My neighbors are warm-hearted, very kind Poles, and she is a FABULOUS cook, so I bought this book and ran it by her. She approved it, so I kept it, although I haven't tried any of the recipes yet. My only disappointment is that it's a very small cookbook. If you purchase it, be sure to read the foreword and the introductory pages, which I normally skip. They give you some pretty amazing - and fascinating insight into why Polish food is so wonderful and incredibly delicious. To skip them would be to shortchange yourself, unless. of course, you happen to be Polish yourself and already know this information. It in itself makes for very good reading.
Purchased this as a gift. I have had my personal copy since the 1960s and got it at Spag's in Shrewsbury, MA for about $1.25 -- my, how times change. This book has been around since the 1940s and has been reprinted about 45 times. If one is going to own at least one Polish cook book, this is it. The book provides all the basic recipes including leniwe (leh-nee-veh) Pierogi (pyeh-roh-gee), which my family loves, although the flour level is understated.

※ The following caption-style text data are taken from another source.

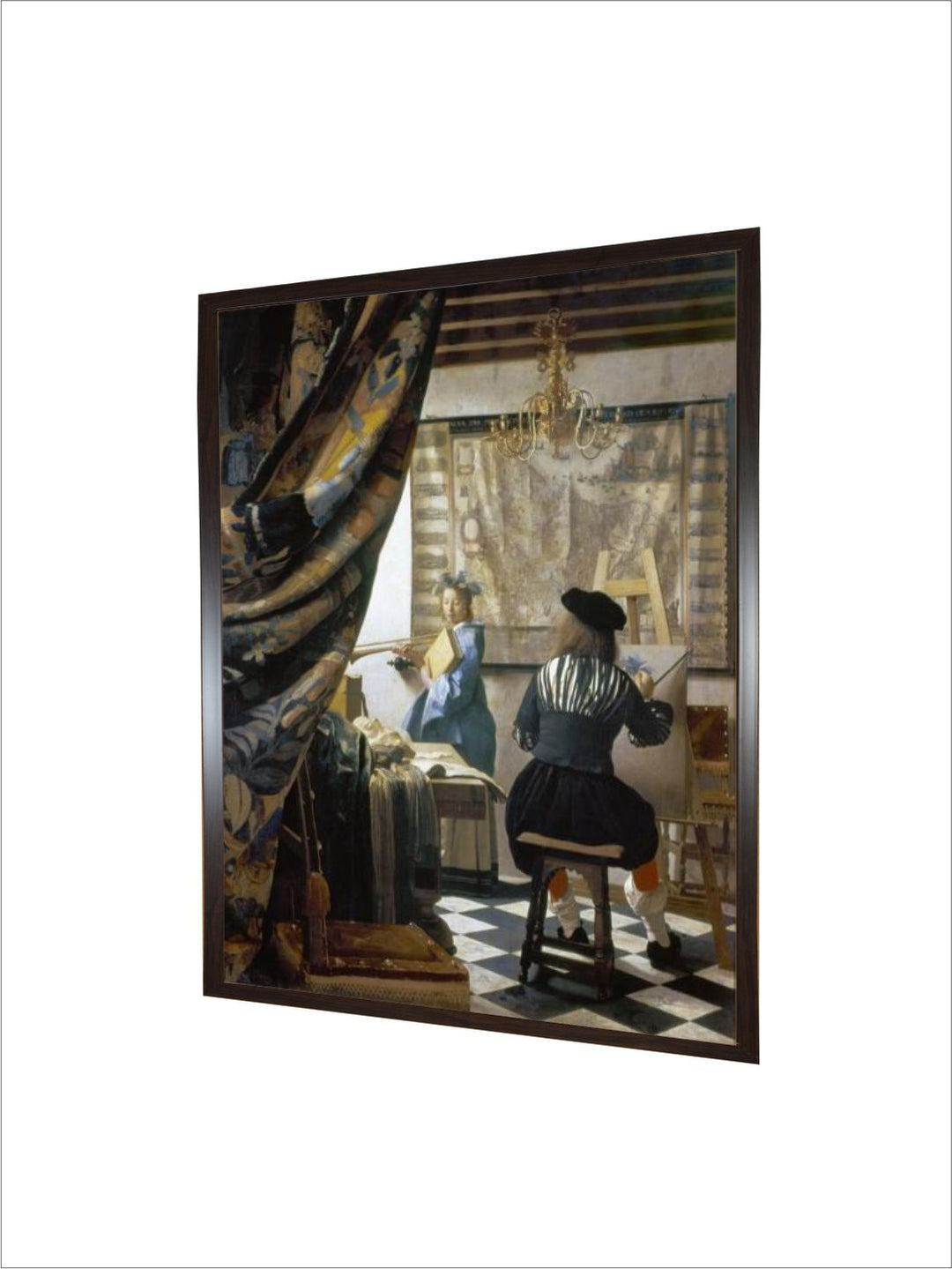 The Art of Painting (The Artist's Studio), C. 1666-68 by Johannes Vermeer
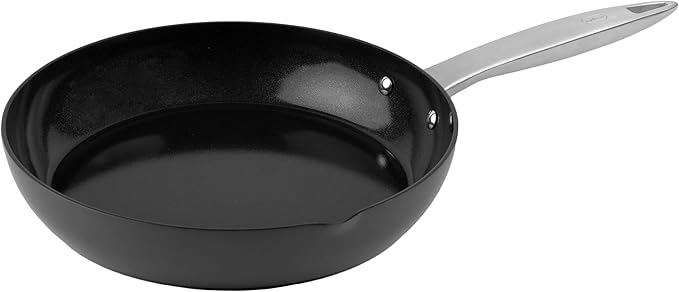 Zyliss Ultimate Pro Ceramic Fry Pan - Aluminium Fry Pan with a Stainless Steel Base & Ceramic Non-Stick Coating - Durable, Everyday-Use Pan - Dishwasher-Safe Kitchen Essential - 11"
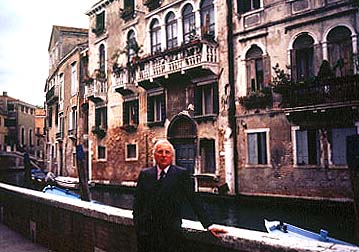 Having lived in Venice for over thirty years, Hotel Cipriani Managing Director Natale Rusconi knows the city’s secrets. © Sharon Lloyd Spence and Diana Schuster.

My granddaughter and I had spent time making Polish dishes handed down from her great-great-grandmothers, immigrants from Poland. When she got this book for her eighth birthday, she was delighted and began looking up dishes we had made. A wonderful way for children to become aware of their ancestry.
These are real Polish recipes from the old days. It is the food ordinary Polish people used to eat. There is even a recipe for duck's blood soup, which is really hard to find in Polish cookbooks nowadays, yet which is so Polish that Polish grocery stores used to carry little bottles of duck's blood for making it. There is no Polish grocery around me so I do not know if they still sell it now. The book also contains recipes for things like making your own Polish sausage.A lot of the newer Polish cookbooks seem to have Jewish recipes (recipes for things sold here in Jewish delis) and claim it is Polish food but none were things my Polish grandmother who was born in Poland and who married a fellow Pole ever made. Other books seem to be recipes for rich Polish people. This book is the only one i found that contained recipes for the food my Polish grandmother made and it is the only one I found that contains recipes for food eaten by ordinary Polish people.
Read the full details/instructions of the recipe to find out if an ingredient was missed on the list.
Great recipe book with recipes that remind me of my Babcia's cooking. Smacznego!